> TASK BRIEF:
Using the data below, set down every line from the one containing "Now you are" through the one containing "Hi, I'm Brian", inclusive and unchanged. Pictures are to be skipped.
+++
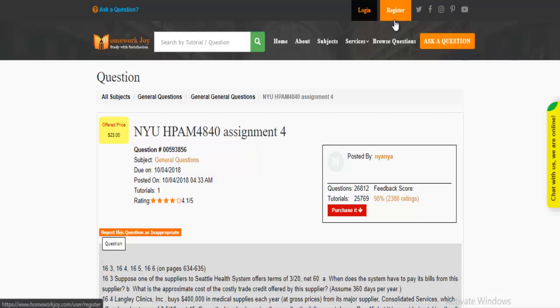Register at HomeworkJoy. Login using your username and password.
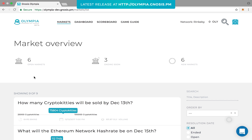Now you are directed to the market overview page. In the top section, the amount of markets available, the markets resolving within the next 72 hours, and the new markets created in the last 72 hours are displayed.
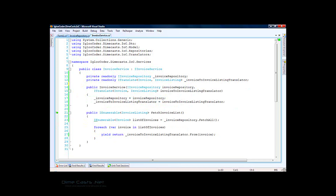That will be the next screencast, where we'll talk about Castle Windsor IOC container — its introduction, creating an instance, and getting it to provide object instances back to the calling code. As a quick review of what we've done here: we've refactored code from high coupling and newing up of objects inside the fetch invoice list method to dependency injecting interfaces or contracts instead of concrete dependencies.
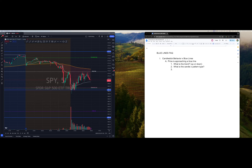What matters for any level — whether it's my blue lines or your own levels — is what the candles are doing, what the price action is doing when you get to that level. So right now if we look at SPY, the market's open, and this is what I'm going to do.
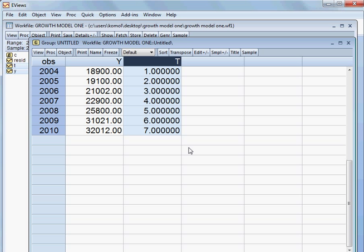Here we shall develop the semi-log growth model. So, how to develop a semi-log growth model?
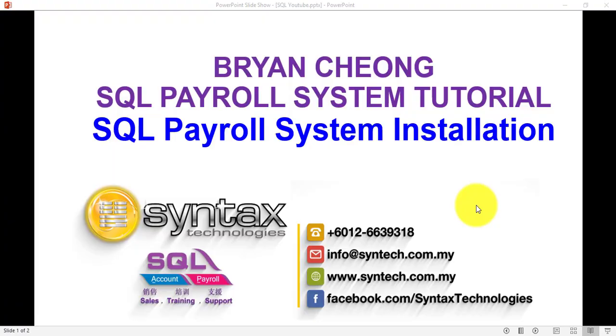Hi, I'm Brian from Syntex Technologies. In today's SQL Payroll System tutorial, we will start with how to install SQL Payroll system.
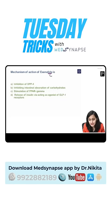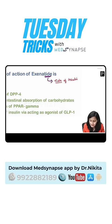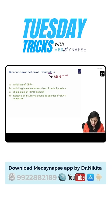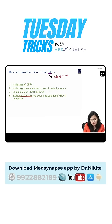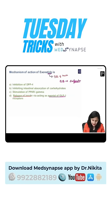Remember the mnemonic for exenatide: it leads to a 'tide' of insulin coming out from the pancreas — basically increasing insulin release. The option referring to release of insulin is your answer. If the option says 'release of insulin by blocking the potassium channel,' those drugs would be sulfonylureas. But here, release of insulin by acting as a GLP-1 agonist — that is exenatide.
+++
> TASK RESULT:
Now you are directed to the market overview page. In the top section, the amount of markets available, the markets resolving within the next 72 hours, and the new markets created in the last 72 hours are displayed.
That will be the next screencast, where we'll talk about Castle Windsor IOC container — its introduction, creating an instance, and getting it to provide object instances back to the calling code. As a quick review of what we've done here: we've refactored code from high coupling and newing up of objects inside the fetch invoice list method to dependency injecting interfaces or contracts instead of concrete dependencies.
What matters for any level — whether it's my blue lines or your own levels — is what the candles are doing, what the price action is doing when you get to that level. So right now if we look at SPY, the market's open, and this is what I'm going to do.
Here we shall develop the semi-log growth model. So, how to develop a semi-log growth model?
Hi, I'm Brian from Syntex Technologies. In today's SQL Payroll System tutorial, we will start with how to install SQL Payroll system.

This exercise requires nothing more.